The India AI Impact Summit 2026 was a major international summit on artificial intelligence governance and development held at Bharat Mandapam in New Delhi, India, in February 2026. Hosted by the Government of India through its Ministry of Electronics and Information Technology (MeitY), it was the fourth gathering in the series of global AI summits that began with the United Kingdom's AI Safety Summit at Bletchley Park in 2023 and continued through Seoul in 2024 and Paris in 2025. It was the first summit in the series to be hosted by a country of the Global South.[1][2][3] The summit's headline outcome was the New Delhi Declaration on AI Impact, a non-binding statement endorsed by roughly 88 to 89 countries and international organisations, including the United States, China and Russia, that called for "secure, trustworthy and robust" AI whose benefits are shared broadly rather than concentrated in a few nations or companies.[4][5][6]
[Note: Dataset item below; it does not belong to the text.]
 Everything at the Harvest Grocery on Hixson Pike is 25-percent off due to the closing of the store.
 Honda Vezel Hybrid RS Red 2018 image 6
The summit was convened under the banner "AI for All" and organised around three guiding principles, branded the three Sutras of People, Planet and Progress, and seven thematic tracks branded the seven Chakras.[2][3] Its stated ambition was to move the global AI conversation "from dialogue to demonstrable impact," shifting the agenda established at earlier summits away from a primary focus on frontier safety risk toward questions of access, inclusion, development and the diffusion of AI to poorer countries.[2][7]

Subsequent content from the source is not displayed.